How It Works
You open your terminal. You describe what you want. Claude Code reads your project, understands the architecture, and makes changes across multiple files.
It is not a chat window that suggests snippets. It is an agent that operates on your actual codebase. It reads files, creates new ones, runs commands, and verifies results. You stay in your terminal the entire time.
Native integrations exist for VS Code, Cursor, Windsurf, and JetBrains. But the core experience is the CLI — you talk to it like a very capable junior developer who has read your entire codebase.
What Makes It Different
Most AI coding tools work at the file level. You open a file, the tool suggests edits for that file.
Claude Code works at the project level. It understands how your files relate to each other. When you say "add a subscription feature," it knows which files to create, which existing files to modify, and how the new code connects to your auth system, database, and API layer.

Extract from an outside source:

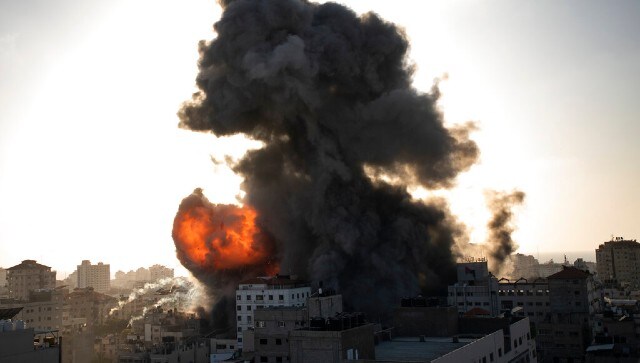 Smoke and fire rises following Israeli airstrikes on a building in Gaza City on 12 May. AP
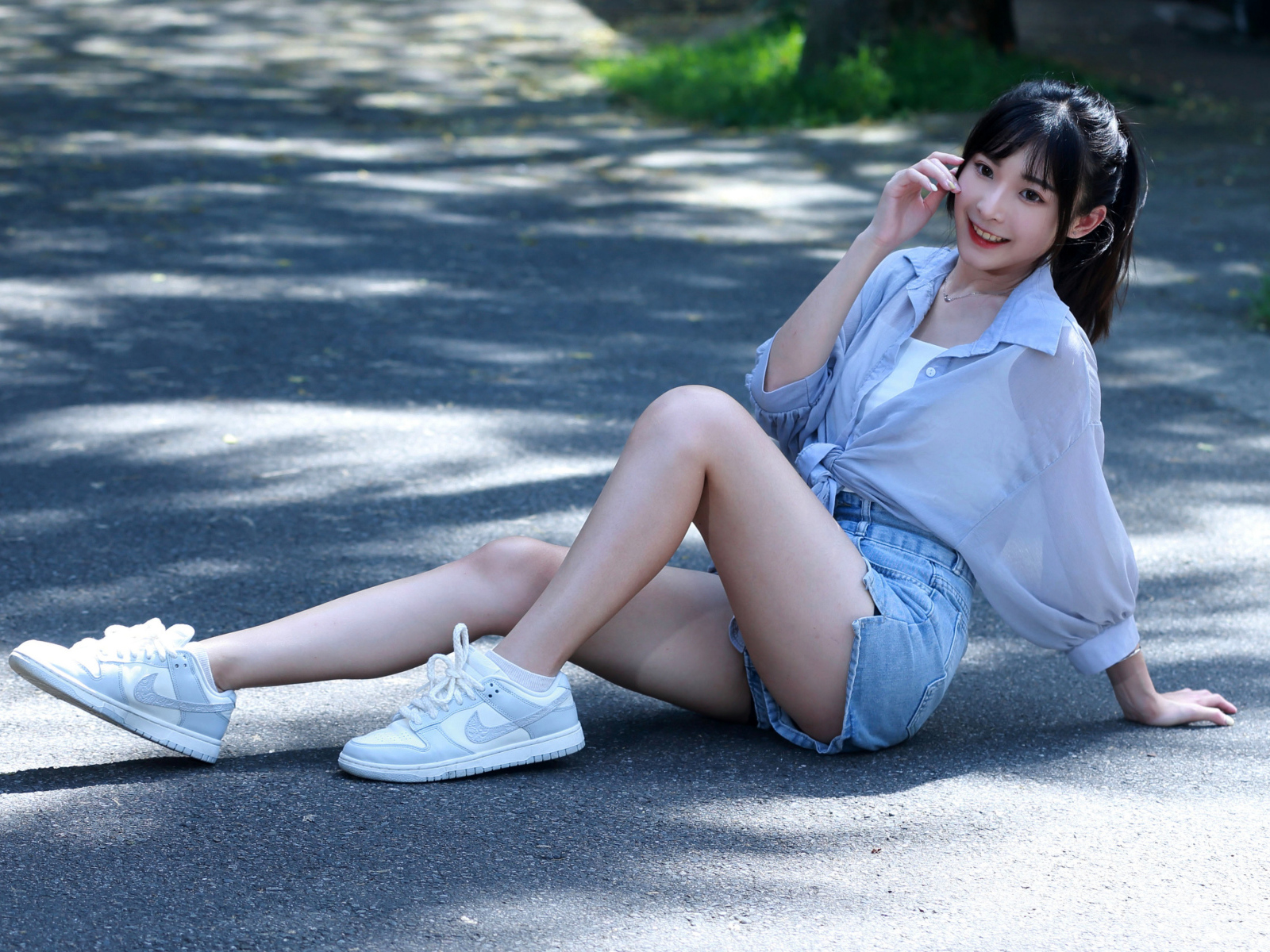 Улыбающаяся девушка азиатка в кедах сидит на дороге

The difference matters when your change touches 5+ files. A file-level tool makes you orchestrate every edit. A project-level agent handles the orchestration.
Anthropic's data shows the biggest productivity gains come from what they call "Feedback Loop" patterns — the agent implements, you review, you give feedback, the agent adjusts. The human stays in the loop, but the typing is delegated.
How I Use It
I built 4 native apps in a month using Claude Code as my primary development tool. Not as a helper on the side — as the main way code gets written.
My workflow:
- Define what needs to happen in plain language
- Claude Code implements it across the codebase
- I review the changes — does this match my intent?
- I give feedback on what to adjust
- Repeat until correct
The key insight I learned: Claude Code is only as good as the project it operates in. In a well-structured codebase with clear patterns, typed schemas, and consistent conventions, it produces reliable code. In a messy project, it produces messy code. The quality of your architecture determines the quality of the agent's output.
This is why I pair Claude Code with a boilerplate. The boilerplate provides the structure. The agent provides the speed.
What It Cannot Do
Honesty matters here.
Claude Code cannot decide what to build. It cannot tell you whether your product idea is good. It cannot replace the thinking that comes before implementation.
It also struggles with truly novel problems — things with no clear precedent in its training data. Edge cases in obscure libraries. Platform-specific bugs that require reading Apple's documentation carefully.
The rule I follow: delegate implementation to the agent, keep architecture and product decisions with the human. AI made execution cheaper. It did not make judgment cheaper.